| Work instruction |
Below are records; output all of them exactly.

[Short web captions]
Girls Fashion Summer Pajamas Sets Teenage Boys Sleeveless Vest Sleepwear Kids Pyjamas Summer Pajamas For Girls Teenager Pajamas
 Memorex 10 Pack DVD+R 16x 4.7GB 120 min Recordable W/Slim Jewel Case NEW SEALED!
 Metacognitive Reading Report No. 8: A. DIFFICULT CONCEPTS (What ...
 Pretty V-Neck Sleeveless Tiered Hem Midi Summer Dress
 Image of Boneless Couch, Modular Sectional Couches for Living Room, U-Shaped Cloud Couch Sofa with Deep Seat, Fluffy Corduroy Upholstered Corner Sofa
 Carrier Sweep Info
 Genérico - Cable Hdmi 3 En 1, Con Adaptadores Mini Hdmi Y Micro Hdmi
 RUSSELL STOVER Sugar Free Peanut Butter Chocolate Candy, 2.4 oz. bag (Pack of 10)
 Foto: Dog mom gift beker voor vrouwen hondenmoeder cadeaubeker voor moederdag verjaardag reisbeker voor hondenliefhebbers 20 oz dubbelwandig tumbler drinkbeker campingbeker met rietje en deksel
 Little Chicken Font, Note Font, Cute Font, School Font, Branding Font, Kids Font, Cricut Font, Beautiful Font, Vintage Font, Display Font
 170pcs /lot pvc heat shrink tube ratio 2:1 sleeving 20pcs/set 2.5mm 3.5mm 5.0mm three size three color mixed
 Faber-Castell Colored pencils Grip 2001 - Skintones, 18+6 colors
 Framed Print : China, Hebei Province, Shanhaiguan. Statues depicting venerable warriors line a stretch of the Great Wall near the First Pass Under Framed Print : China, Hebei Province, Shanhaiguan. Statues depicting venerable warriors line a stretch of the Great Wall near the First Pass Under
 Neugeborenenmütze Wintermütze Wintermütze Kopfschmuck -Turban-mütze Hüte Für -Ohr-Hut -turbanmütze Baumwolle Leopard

| Written answer |
Girls Fashion Summer Pajamas Sets Teenage Boys Sleeveless Vest Sleepwear Kids Pyjamas Summer Pajamas For Girls Teenager Pajamas
 Memorex 10 Pack DVD+R 16x 4.7GB 120 min Recordable W/Slim Jewel Case NEW SEALED!
 Metacognitive Reading Report No. 8: A. DIFFICULT CONCEPTS (What ...
 Pretty V-Neck Sleeveless Tiered Hem Midi Summer Dress
 Image of Boneless Couch, Modular Sectional Couches for Living Room, U-Shaped Cloud Couch Sofa with Deep Seat, Fluffy Corduroy Upholstered Corner Sofa
 Carrier Sweep Info
 Genérico - Cable Hdmi 3 En 1, Con Adaptadores Mini Hdmi Y Micro Hdmi
 RUSSELL STOVER Sugar Free Peanut Butter Chocolate Candy, 2.4 oz. bag (Pack of 10)
 Foto: Dog mom gift beker voor vrouwen hondenmoeder cadeaubeker voor moederdag verjaardag reisbeker voor hondenliefhebbers 20 oz dubbelwandig tumbler drinkbeker campingbeker met rietje en deksel
 Little Chicken Font, Note Font, Cute Font, School Font, Branding Font, Kids Font, Cricut Font, Beautiful Font, Vintage Font, Display Font
 170pcs /lot pvc heat shrink tube ratio 2:1 sleeving 20pcs/set 2.5mm 3.5mm 5.0mm three size three color mixed
 Faber-Castell Colored pencils Grip 2001 - Skintones, 18+6 colors
 Framed Print : China, Hebei Province, Shanhaiguan. Statues depicting venerable warriors line a stretch of the Great Wall near the First Pass Under Framed Print : China, Hebei Province, Shanhaiguan. Statues depicting venerable warriors line a stretch of the Great Wall near the First Pass Under
 Neugeborenenmütze Wintermütze Wintermütze Kopfschmuck -Turban-mütze Hüte Für -Ohr-Hut -turbanmütze Baumwolle Leopard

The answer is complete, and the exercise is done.